Items from a dataset:

• • • • •

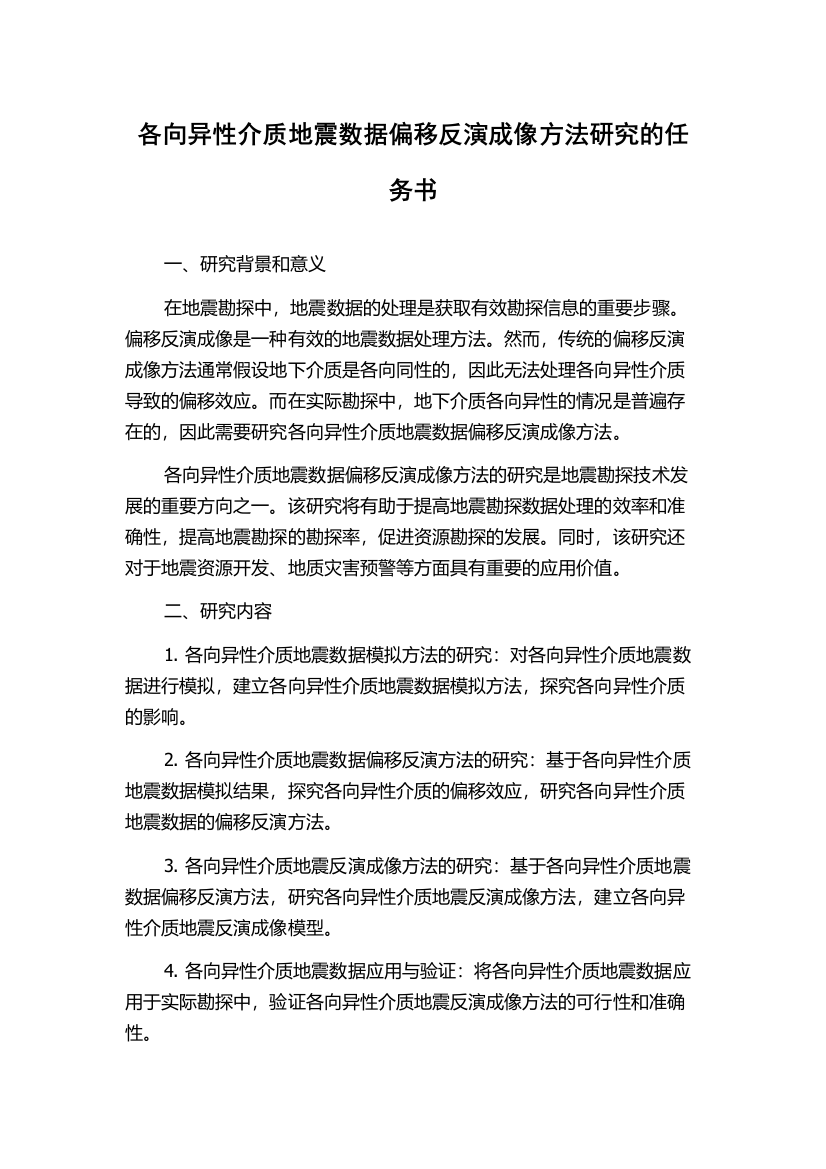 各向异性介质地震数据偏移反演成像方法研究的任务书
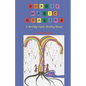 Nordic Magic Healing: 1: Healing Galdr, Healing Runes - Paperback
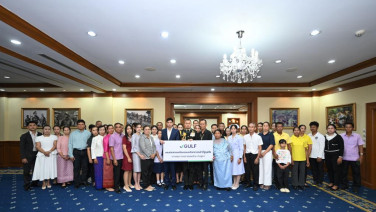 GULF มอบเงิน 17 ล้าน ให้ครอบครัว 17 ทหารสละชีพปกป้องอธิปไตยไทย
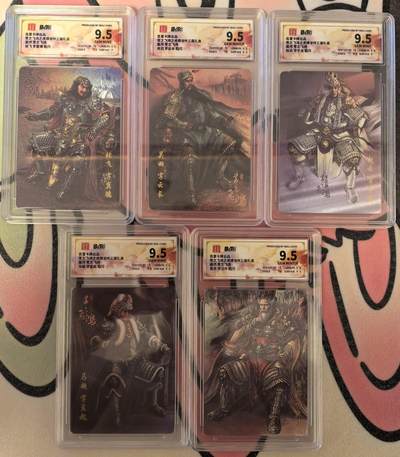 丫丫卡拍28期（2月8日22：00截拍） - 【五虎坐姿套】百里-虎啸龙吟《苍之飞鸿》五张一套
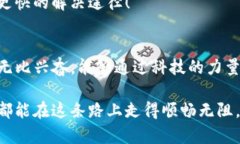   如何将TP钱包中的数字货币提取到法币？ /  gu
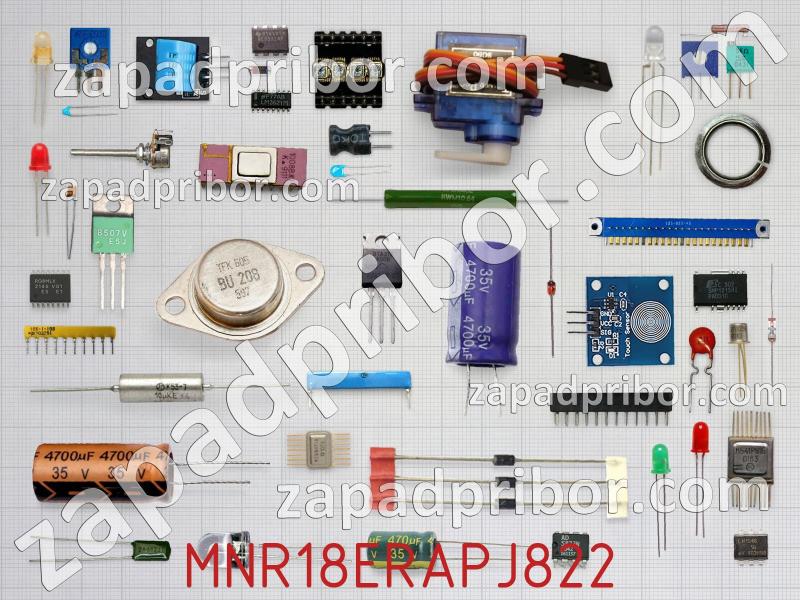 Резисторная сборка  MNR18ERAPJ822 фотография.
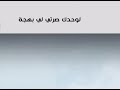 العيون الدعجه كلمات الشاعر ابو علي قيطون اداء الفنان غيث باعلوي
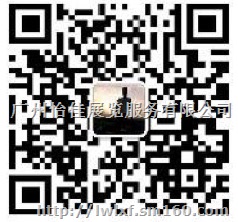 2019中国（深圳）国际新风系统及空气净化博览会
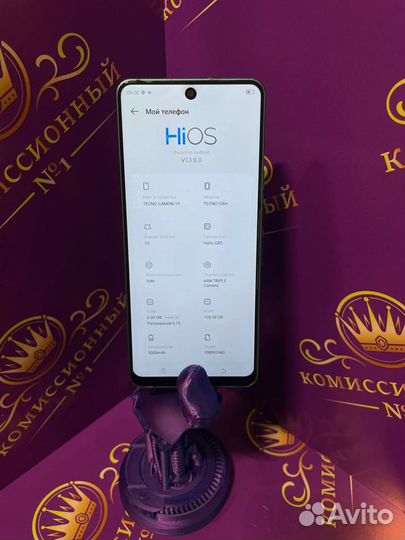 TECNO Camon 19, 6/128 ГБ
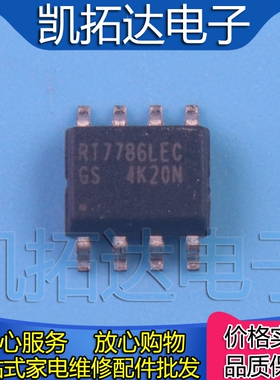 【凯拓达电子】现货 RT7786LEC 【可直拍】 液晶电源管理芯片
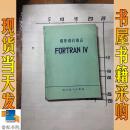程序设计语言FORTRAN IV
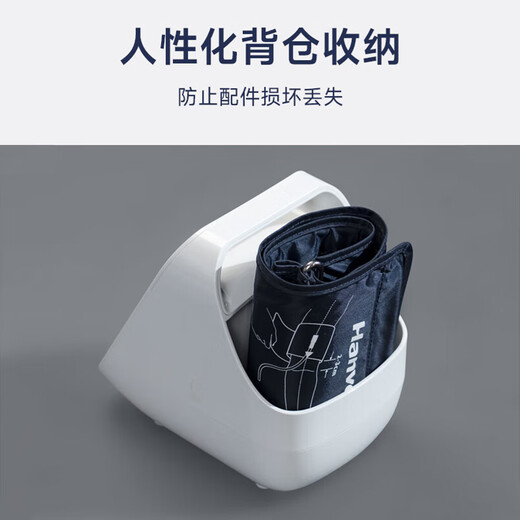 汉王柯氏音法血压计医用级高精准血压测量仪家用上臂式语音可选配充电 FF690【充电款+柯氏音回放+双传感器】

• • • • •

WORK ITEM ->
Could every entry be restated word for word, pictures excluded?

ANSWER SECTION ->
 各向异性介质地震数据偏移反演成像方法研究的任务书
 Nordic Magic Healing: 1: Healing Galdr, Healing Runes - Paperback
 GULF มอบเงิน 17 ล้าน ให้ครอบครัว 17 ทหารสละชีพปกป้องอธิปไตยไทย
 丫丫卡拍28期（2月8日22：00截拍） - 【五虎坐姿套】百里-虎啸龙吟《苍之飞鸿》五张一套
   如何将TP钱包中的数字货币提取到法币？ /  gu
 Резисторная сборка  MNR18ERAPJ822 фотография.
 العيون الدعجه كلمات الشاعر ابو علي قيطون اداء الفنان غيث باعلوي
 2019中国（深圳）国际新风系统及空气净化博览会
 TECNO Camon 19, 6/128 ГБ
 【凯拓达电子】现货 RT7786LEC 【可直拍】 液晶电源管理芯片
程序设计语言FORTRAN IV
 汉王柯氏音法血压计医用级高精准血压测量仪家用上臂式语音可选配充电 FF690【充电款+柯氏音回放+双传感器】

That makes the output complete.